## PROMPT
Would you output the lines from the one containing "Nike Varsity Elite" through the final line of the entries, exactly and with pictures omitted?

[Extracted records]
+ + + + +
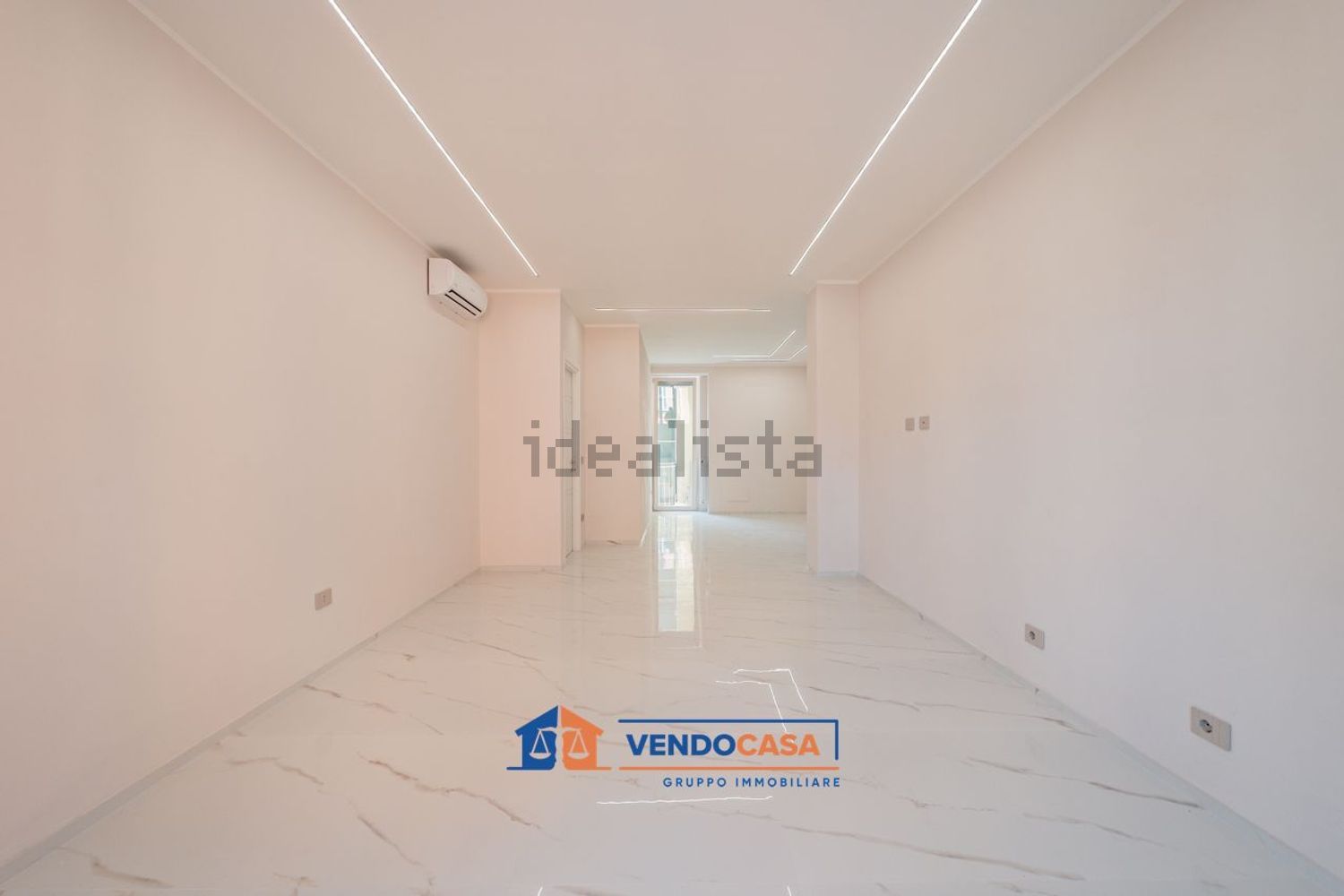 appartamento in vendita a Cuneo in zona Centro Città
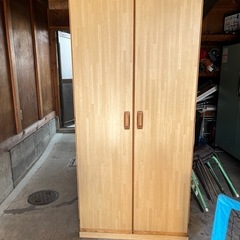 クローゼット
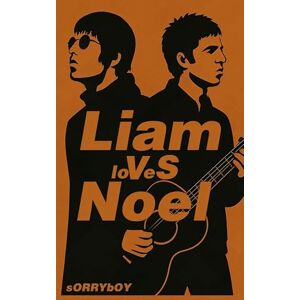 sORRYbOY LIAM loVeS NOEL: we’re gonna need each other (tanti dischi che non me ne ricordo) sORRYbOY LIAM loVeS NOEL: we’re gonna need each other (tanti dischi che non me ne ricordo)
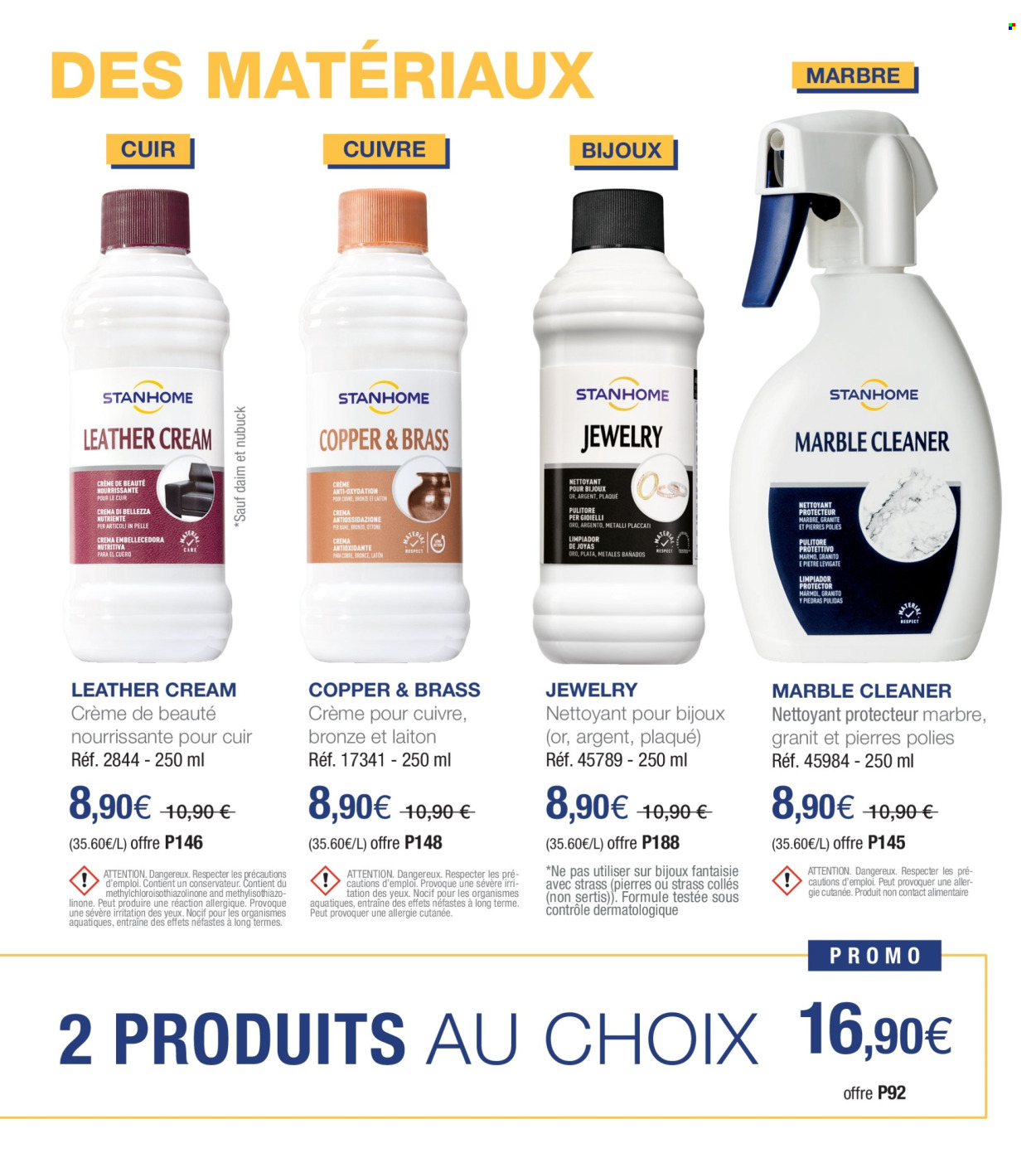 Catalogue Stanhome - 24/10/2022 - 27/11/2022. Page 9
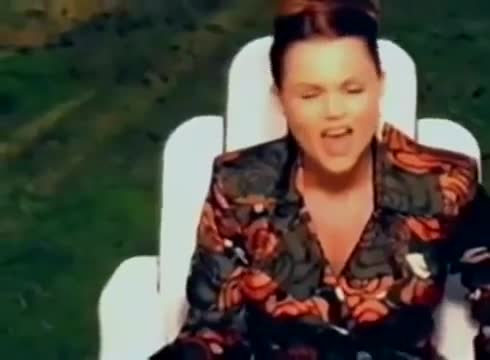 Belinda Carlisle - California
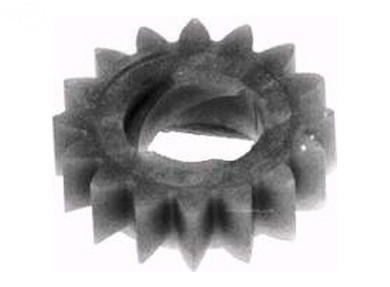 Rotary Corp Brand Replaces Gear Starter Fits B&Amp;S Replaces Briggs &Amp; Stratton: 280104, 280104s, 4114, 4155, 4194, 693058, 693059, 695708 John Deer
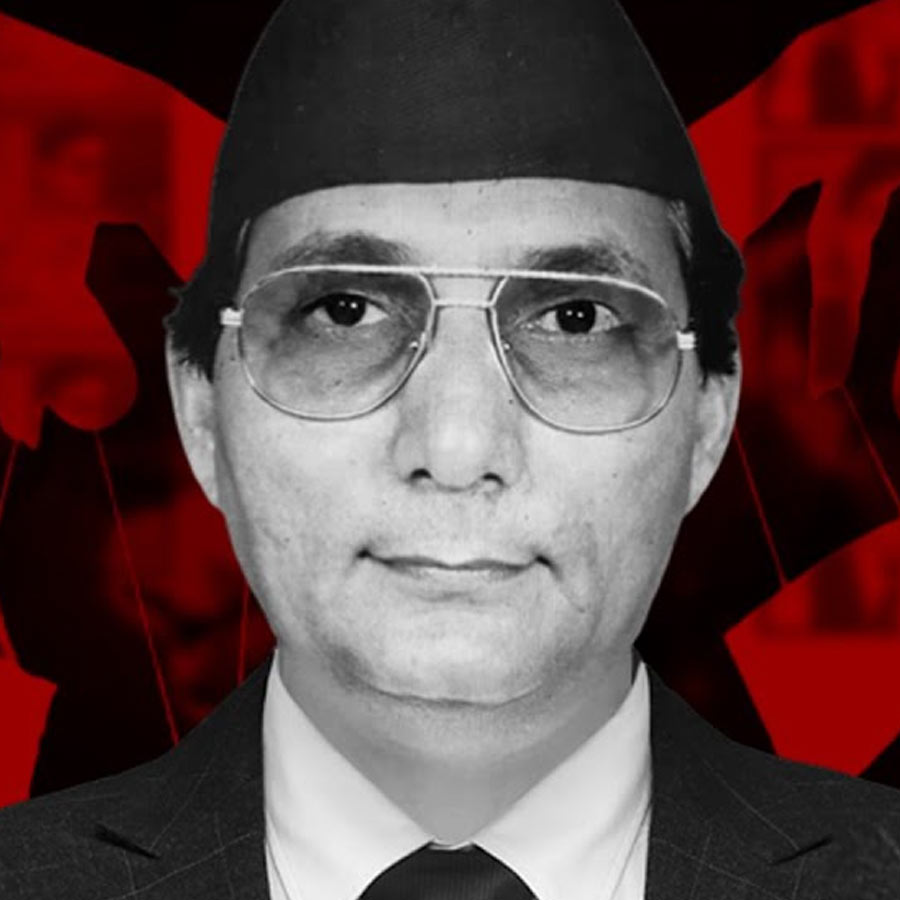 Pakistan’s terror outfits like Lashkar e Taiba or Jaish e Muhammed may launch attack on India through Nepal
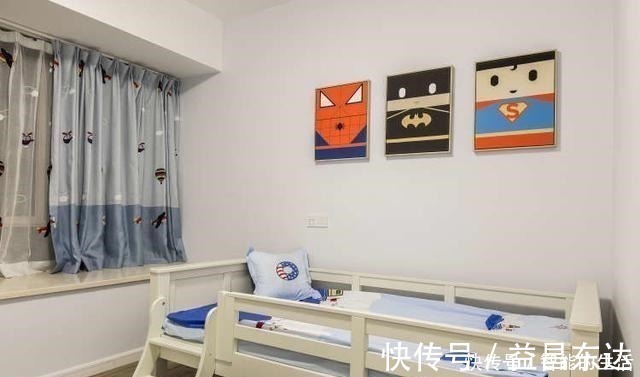 收纳|她家不豪华,可进门让人眼前一亮!101㎡,简约风十足,真羡慕!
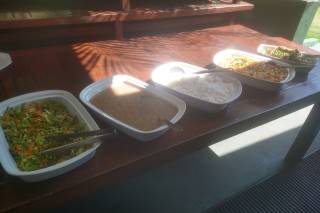 Buffet Primavera - 5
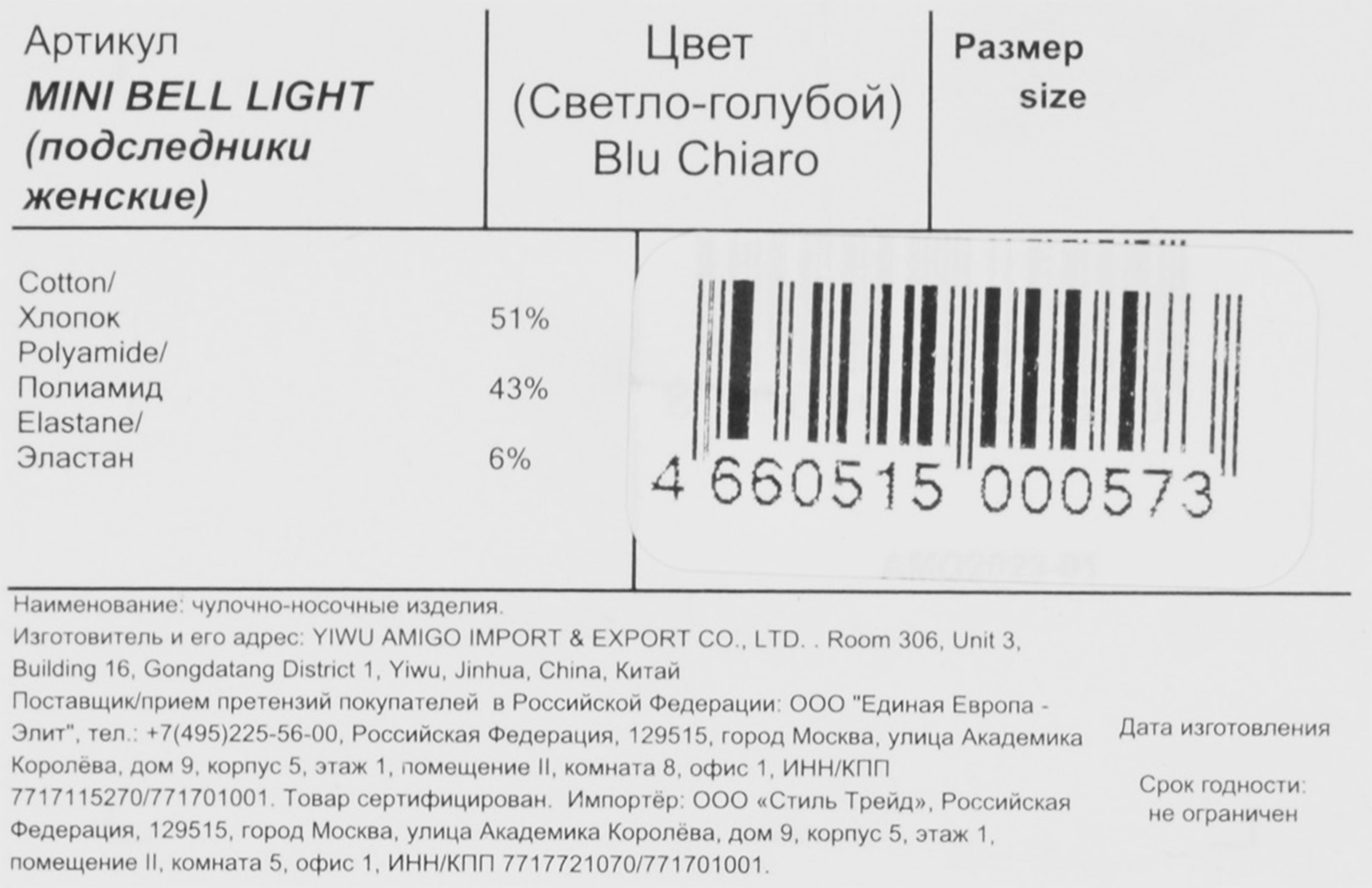 Превью изображения товара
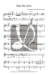 Help Me Grow - SATB056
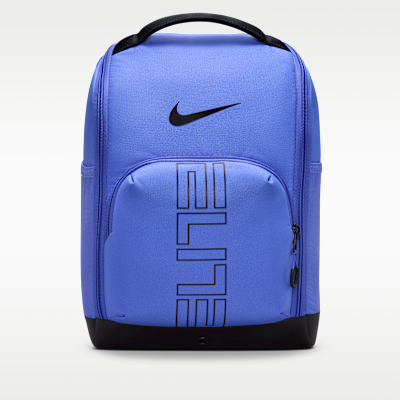 Nike Varsity Elite Basketball Shoe Bag (14L). Nike.com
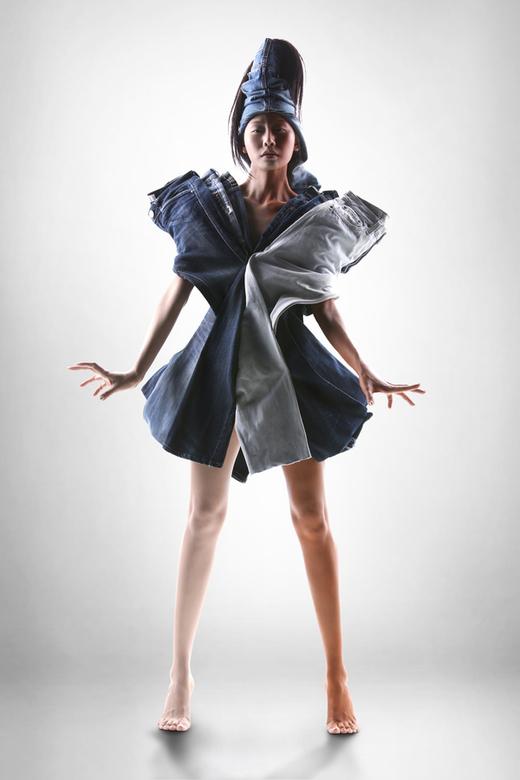 PERSONA Art Project by Jeffrey Wang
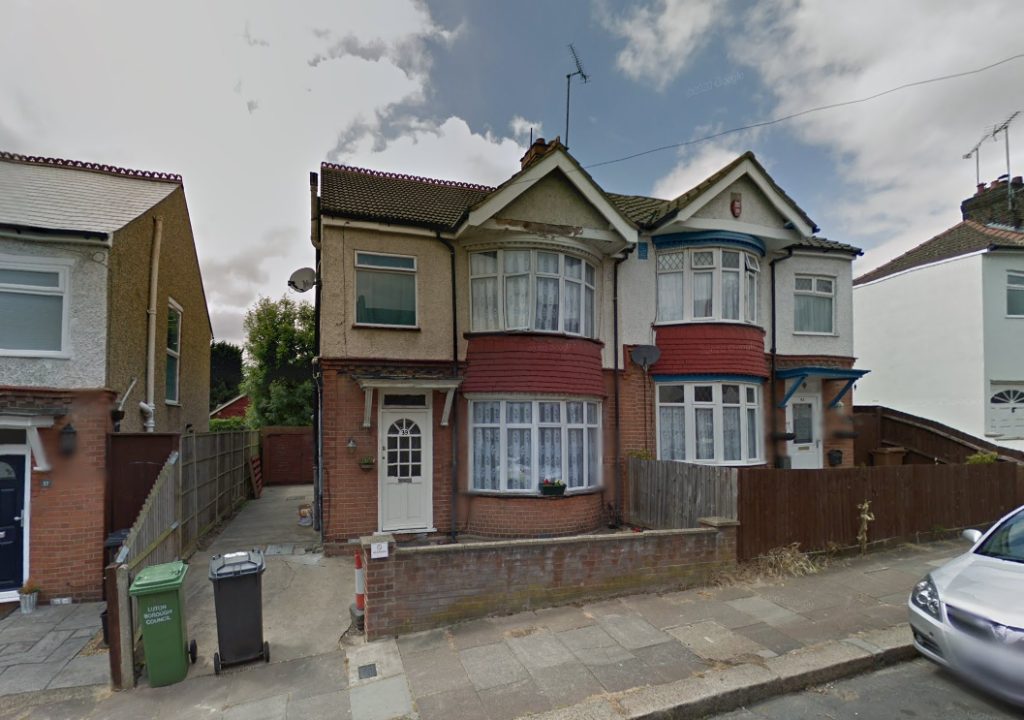 Detached House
+ + + + +
## SOLUTION TO THIS PROBLEM
 Nike Varsity Elite Basketball Shoe Bag (14L). Nike.com
 PERSONA Art Project by Jeffrey Wang
 Detached House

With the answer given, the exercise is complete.